**ABOUT THIS EXERCISE:** Retype the whole listing, please, keeping every line exact and dropping the pictures.

**DATASET CONTENT:**
——————————

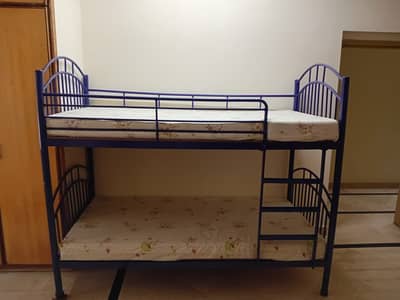 Bunk Bed (without Mattress)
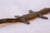 Vintage African Bronze Casting of Crocodile For Sale In New York - Image 6 of 8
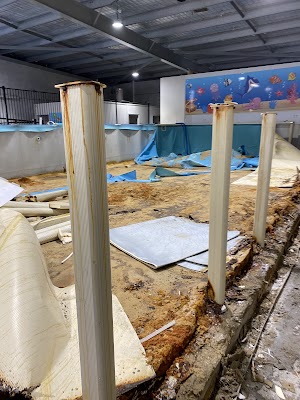 Swimart Liverpool project 6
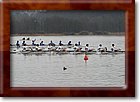 IMG_0328.jpg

——————————

**EXERCISE RESPONSE:**
 Bunk Bed (without Mattress)
 Vintage African Bronze Casting of Crocodile For Sale In New York - Image 6 of 8
 Swimart Liverpool project 6
 IMG_0328.jpg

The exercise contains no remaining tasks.